Help with carb Issues.

peterm15

Well-known member
99 Yamaha Vstar 650

So my bike sat for a few years, carbs were drained before hand.

Beginning of the season, no issues with starting or running, a little popping because of a gutted exhaust. So I went ahead, changed the air box out for a pod system, cleaned and jetted the carbs to the recommended jet for the gut/pod. (I can't recall the size off hand)

Replaced the intake boots and o rings as they were cracked. Synced the carbs, adjusted the mixture, replaced fuel filter, plugs, all oils etc . Getting it ready to do.

Now after 300km the bike has massive hesitation at lower RPM, starting to move etc. I've played with the mixture screws with no luck or improvements. I have noticed that the idle fluctuations depending on the lean of the bike. On the stand is a little low, increases as you go from left lean to right side lean.

Any suggestions on what it could be? Floats? If that's my next test any informative write ups on how to test the floats without the Yamaha fuel gauge?

Thanks for any help.
 
Yes it sounds like you have a fuel level problem in the float bowls, and I would be amazed if you can ever get CV carbs to work well with directly connected pod filters ;/ they just don't usually work well together, the intake path is too short and it creates turbulence that messes up the vacuum operation of the carburetors. Root cause of the problem is that CV carbs are designed to operate as lean and fuel economical as possible and you have freed up both intake and exhaust enough that now the carbs can't keep pace with the fuel metering requirements.
 
Yes it sounds like you have a fuel level problem in the float bowls, and I would be amazed if you can ever get CV carbs to work well with directly connected pod filters ;/ they just don't usually work well together, the intake path is too short and it creates turbulence that messes up the vacuum operation of the carburetors. Root cause of the problem is that CV carbs are designed to operate as lean and fuel economical as possible and you have freed up both intake and exhaust enough that now the carbs can't keep pace with the fuel metering requirements.

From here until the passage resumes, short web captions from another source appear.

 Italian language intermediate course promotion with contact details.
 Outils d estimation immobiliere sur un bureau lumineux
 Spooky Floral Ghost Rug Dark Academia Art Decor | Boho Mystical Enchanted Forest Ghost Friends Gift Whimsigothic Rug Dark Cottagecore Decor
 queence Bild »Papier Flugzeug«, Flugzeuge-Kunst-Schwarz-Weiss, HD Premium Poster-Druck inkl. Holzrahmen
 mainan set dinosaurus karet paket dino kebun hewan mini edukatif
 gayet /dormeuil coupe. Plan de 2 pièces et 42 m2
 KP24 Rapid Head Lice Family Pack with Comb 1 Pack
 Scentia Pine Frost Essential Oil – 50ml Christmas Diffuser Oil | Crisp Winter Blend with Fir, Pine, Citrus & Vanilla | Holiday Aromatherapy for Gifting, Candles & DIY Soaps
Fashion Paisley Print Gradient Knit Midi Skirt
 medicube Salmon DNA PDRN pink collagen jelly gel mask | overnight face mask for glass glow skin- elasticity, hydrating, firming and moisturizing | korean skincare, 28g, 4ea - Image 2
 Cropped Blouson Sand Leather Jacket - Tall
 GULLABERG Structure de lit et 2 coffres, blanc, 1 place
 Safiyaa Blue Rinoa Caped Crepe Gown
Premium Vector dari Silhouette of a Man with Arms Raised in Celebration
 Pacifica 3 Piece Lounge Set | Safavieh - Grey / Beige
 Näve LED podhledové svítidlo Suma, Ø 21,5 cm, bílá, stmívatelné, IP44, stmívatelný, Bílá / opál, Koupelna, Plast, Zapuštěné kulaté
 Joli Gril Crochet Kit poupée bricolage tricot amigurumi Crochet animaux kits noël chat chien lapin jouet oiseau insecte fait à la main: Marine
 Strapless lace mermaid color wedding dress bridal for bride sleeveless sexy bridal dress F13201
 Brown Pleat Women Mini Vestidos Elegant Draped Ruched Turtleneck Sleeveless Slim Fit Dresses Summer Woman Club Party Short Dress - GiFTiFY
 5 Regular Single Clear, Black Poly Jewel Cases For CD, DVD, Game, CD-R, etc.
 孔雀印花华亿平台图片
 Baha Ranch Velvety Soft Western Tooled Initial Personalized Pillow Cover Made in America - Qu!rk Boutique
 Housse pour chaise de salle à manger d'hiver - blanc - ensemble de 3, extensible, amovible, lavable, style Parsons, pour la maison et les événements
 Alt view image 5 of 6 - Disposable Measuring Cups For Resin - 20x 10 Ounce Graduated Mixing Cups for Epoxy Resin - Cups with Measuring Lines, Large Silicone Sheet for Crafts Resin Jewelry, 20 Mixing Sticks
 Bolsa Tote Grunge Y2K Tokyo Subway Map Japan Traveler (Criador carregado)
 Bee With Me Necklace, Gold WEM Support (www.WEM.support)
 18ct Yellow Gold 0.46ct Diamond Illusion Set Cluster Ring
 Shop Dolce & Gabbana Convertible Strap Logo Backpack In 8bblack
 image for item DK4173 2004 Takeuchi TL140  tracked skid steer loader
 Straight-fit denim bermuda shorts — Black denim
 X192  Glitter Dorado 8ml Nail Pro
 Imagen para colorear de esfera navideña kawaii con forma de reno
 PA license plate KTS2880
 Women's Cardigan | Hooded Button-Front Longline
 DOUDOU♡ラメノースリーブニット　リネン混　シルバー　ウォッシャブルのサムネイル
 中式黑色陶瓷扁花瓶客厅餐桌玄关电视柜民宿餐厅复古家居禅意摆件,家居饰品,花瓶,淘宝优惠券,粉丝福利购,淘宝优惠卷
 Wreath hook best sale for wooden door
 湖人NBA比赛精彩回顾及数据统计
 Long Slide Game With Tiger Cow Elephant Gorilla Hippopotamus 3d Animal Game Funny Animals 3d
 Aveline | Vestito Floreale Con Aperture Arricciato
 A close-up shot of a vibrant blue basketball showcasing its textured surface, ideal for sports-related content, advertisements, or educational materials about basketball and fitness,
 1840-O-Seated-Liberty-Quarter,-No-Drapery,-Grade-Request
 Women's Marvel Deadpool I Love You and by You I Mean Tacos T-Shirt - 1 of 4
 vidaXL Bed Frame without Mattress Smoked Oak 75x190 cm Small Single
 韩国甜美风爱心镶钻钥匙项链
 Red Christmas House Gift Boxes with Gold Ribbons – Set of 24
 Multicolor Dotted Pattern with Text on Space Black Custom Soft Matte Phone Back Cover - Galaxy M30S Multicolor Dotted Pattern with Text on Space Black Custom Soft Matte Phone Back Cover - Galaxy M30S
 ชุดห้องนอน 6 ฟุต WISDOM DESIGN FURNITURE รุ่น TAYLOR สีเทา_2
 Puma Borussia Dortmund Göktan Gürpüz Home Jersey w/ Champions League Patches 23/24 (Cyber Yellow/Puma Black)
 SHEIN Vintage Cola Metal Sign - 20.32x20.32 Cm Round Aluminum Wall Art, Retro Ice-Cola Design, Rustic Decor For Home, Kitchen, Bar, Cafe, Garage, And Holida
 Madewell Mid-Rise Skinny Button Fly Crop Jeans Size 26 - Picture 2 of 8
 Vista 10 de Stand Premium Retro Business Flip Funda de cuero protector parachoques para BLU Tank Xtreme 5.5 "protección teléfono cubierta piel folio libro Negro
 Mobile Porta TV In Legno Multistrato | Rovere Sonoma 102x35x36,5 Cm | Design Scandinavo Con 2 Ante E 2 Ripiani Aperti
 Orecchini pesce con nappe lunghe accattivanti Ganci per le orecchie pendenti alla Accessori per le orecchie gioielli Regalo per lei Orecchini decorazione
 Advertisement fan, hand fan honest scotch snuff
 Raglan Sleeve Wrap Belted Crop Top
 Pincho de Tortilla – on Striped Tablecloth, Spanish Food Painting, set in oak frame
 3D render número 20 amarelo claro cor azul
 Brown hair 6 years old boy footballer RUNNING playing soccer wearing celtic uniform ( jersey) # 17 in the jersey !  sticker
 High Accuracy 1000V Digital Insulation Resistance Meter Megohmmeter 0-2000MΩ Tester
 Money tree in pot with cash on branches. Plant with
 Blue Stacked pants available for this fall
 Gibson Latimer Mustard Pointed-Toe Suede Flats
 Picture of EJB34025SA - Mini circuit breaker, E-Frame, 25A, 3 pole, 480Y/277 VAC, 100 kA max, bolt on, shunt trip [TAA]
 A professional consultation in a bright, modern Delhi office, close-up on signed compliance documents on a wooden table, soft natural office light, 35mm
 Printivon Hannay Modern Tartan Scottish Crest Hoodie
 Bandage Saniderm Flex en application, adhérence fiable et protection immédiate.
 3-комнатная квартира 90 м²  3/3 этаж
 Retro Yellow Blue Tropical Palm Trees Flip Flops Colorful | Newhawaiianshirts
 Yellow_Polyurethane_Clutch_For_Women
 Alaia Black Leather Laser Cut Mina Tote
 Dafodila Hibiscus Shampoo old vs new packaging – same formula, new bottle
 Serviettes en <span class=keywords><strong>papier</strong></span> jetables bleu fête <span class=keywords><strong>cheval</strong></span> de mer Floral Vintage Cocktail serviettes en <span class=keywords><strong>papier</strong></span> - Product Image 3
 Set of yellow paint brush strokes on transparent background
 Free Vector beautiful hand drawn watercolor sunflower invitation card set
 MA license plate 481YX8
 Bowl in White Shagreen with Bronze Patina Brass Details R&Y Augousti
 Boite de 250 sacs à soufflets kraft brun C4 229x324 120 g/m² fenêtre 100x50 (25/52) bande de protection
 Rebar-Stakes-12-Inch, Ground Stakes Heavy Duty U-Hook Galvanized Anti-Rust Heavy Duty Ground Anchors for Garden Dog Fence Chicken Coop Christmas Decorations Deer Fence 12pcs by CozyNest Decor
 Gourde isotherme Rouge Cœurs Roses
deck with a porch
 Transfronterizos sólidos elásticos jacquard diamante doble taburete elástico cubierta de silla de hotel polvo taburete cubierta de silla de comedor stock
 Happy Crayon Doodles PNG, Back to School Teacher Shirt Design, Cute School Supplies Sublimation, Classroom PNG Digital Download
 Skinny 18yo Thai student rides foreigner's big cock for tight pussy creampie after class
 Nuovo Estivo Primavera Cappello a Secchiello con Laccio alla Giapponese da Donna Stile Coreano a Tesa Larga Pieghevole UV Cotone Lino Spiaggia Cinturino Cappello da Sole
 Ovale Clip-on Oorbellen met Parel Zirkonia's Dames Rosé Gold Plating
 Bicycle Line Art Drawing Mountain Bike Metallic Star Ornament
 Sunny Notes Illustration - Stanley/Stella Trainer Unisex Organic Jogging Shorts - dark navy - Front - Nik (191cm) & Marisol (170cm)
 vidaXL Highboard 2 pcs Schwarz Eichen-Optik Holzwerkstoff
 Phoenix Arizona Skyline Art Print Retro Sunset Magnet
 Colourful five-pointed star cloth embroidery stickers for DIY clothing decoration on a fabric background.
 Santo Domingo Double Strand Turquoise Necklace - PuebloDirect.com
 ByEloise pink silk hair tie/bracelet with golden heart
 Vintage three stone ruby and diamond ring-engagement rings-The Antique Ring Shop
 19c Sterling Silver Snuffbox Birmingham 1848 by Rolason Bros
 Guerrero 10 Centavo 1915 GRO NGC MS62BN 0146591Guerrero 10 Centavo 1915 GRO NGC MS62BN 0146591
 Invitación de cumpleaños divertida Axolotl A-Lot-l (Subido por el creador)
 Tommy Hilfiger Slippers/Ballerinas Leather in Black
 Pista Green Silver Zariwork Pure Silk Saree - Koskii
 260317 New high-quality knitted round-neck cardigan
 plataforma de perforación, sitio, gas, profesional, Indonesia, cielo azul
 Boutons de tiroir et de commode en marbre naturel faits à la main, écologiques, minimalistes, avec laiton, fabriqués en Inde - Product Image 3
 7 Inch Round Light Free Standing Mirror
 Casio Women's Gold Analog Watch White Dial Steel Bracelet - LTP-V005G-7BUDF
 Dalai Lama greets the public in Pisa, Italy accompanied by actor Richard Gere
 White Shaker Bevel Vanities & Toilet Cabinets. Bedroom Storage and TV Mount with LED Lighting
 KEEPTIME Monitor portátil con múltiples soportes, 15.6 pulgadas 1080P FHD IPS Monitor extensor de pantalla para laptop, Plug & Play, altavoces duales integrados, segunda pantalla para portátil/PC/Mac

The thing is that these pods are tried and tested by many members on another forum.

The kit itself is tailored to your exhaust type/modification so I didn't really see that being an issue. I'm not expert however.

I'll give a go to the floats before removing the jet, and pods otherwise I'll have no choice but to stock out the bike until I can figure out the issue.

Any suggestions on dealing with the floats? That how to is long gone from my memory. And I don't have the tool to measure the fuel level. I do however have access to high precision measuring devices (I'm a machinist, obviously not for bikes)

Thanks.
 
If the carbs have the ability to stick a piece of clear plastic tube onto the bottom drain on the float bowl it is super easy, you just improvise a sight gauge and you can see the fuel level from the outside.

... that bike has those down-draft jobs, I'm not familiar with them enough to know if that trick will work or no.
 
If the carbs have the ability to stick a piece of clear plastic tube onto the bottom drain on the float bowl it is super easy, you just improvise a sight gauge and you can see the fuel level from the outside.

... that bike has those down-draft jobs, I'm not familiar with them enough to know if that trick will work or no.
Down draft job?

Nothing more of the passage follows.